At the Michigan Union Brewing Company and the Ann Arbor Brewing Company, Ann Arborites could pick up beer by the pail.
The Ann Arbor Brewing Company at 416 Fourth Street was the only brewery in the city to survive Prohibition. Yet its product was not greatly valued in its hometown. "It was considered good only for putting out fires," claimed the late Carl Horning in a 1995 interview.
Horning was exaggerating: for eighty-eight years, the local brew found customers throughout Ann Arbor and beyond. And townsfolk weren't averse to stopping by for a glass or two of beer, on the house, any time of night or day. According to Will Frey, who worked at the brewery off and on from 1937 to 1943, leaky barrels that couldn't be sold were put in a backroom. Those who knew the barrels were there—namely, just about everyone in town—could come in through an always-unlocked door off the loading dock and get a drink. They used glasses hanging nearby, which they rinsed out when they were finished.

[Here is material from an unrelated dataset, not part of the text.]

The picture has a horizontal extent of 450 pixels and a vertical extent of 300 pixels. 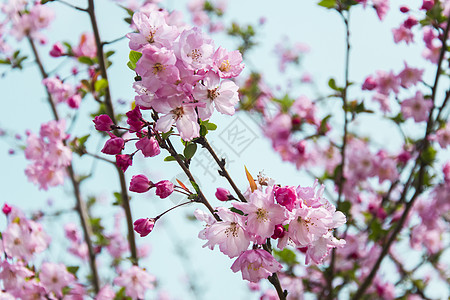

"It was a good stop for the postman. It took him longer to deliver mail there than the rest of the block," recalls Frey. The staff got free beer, too. Robert Kauffman remembers the job he got there at age seventeen cleaning out an old metal tank on top of the brewery: "At lunch break we went down to the main floor of the brewery and helped ourselves to a few pints of Ann Arbor Cream Top directly out of the barrel." People who played baseball in that era recall coming by after games to cool down with a glass of beer.
The brewery was founded in 1861 by Peter Brehm, who had recently moved to Ann Arbor from Germany. Brehm named his business the Western Brewery, after its location on the west side of town in the heart of the German neighborhood. In 1864, after his first building burned down, Brehm built a larger, two-story brewery, with a basement.
When Brehm opened his brewery, there were three others in town. Two—Hooper's (1858-1866), at State and Fuller, and the Bavarian (1860-1872), on Fuller between Elizabeth and State—were probably home operations. The City Brewery (1860-1886), at 210 South First Street, was closer to Brehm's operation in both size and location. It's now the Cavern Club—named after the basement vaults where the beer was aged.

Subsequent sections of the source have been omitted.